Aim of the task: Where the data below has the string "Porsche", return the whole line.
════
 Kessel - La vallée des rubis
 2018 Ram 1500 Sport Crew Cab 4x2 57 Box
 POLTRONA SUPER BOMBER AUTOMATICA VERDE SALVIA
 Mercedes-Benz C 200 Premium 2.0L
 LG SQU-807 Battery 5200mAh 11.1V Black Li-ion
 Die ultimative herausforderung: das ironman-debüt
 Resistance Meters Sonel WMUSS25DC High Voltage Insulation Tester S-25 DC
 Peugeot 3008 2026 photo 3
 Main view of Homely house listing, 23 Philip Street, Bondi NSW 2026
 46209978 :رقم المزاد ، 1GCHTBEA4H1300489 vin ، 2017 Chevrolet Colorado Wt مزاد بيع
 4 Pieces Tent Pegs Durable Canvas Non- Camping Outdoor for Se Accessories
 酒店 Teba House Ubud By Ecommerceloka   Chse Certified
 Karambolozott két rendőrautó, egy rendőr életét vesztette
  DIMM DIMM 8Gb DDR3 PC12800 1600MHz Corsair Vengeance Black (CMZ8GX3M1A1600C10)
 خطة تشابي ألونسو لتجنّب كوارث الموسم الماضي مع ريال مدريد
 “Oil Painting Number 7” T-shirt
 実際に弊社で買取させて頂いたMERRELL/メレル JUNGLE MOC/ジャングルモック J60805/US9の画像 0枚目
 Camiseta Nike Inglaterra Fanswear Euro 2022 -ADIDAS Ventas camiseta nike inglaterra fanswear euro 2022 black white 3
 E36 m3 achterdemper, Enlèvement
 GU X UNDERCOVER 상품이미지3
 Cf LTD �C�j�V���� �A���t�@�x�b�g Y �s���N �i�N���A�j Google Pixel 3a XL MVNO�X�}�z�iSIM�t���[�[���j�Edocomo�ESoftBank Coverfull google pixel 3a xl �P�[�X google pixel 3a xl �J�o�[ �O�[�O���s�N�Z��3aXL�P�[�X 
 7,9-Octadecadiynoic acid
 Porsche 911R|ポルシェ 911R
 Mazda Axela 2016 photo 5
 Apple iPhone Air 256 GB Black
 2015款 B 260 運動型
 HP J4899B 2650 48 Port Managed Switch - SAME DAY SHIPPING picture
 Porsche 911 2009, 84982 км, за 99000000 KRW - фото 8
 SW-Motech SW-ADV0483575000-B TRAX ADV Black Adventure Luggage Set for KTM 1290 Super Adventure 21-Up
════
Response:
 Porsche 911R|ポルシェ 911R
 Porsche 911 2009, 84982 км, за 99000000 KRW - фото 8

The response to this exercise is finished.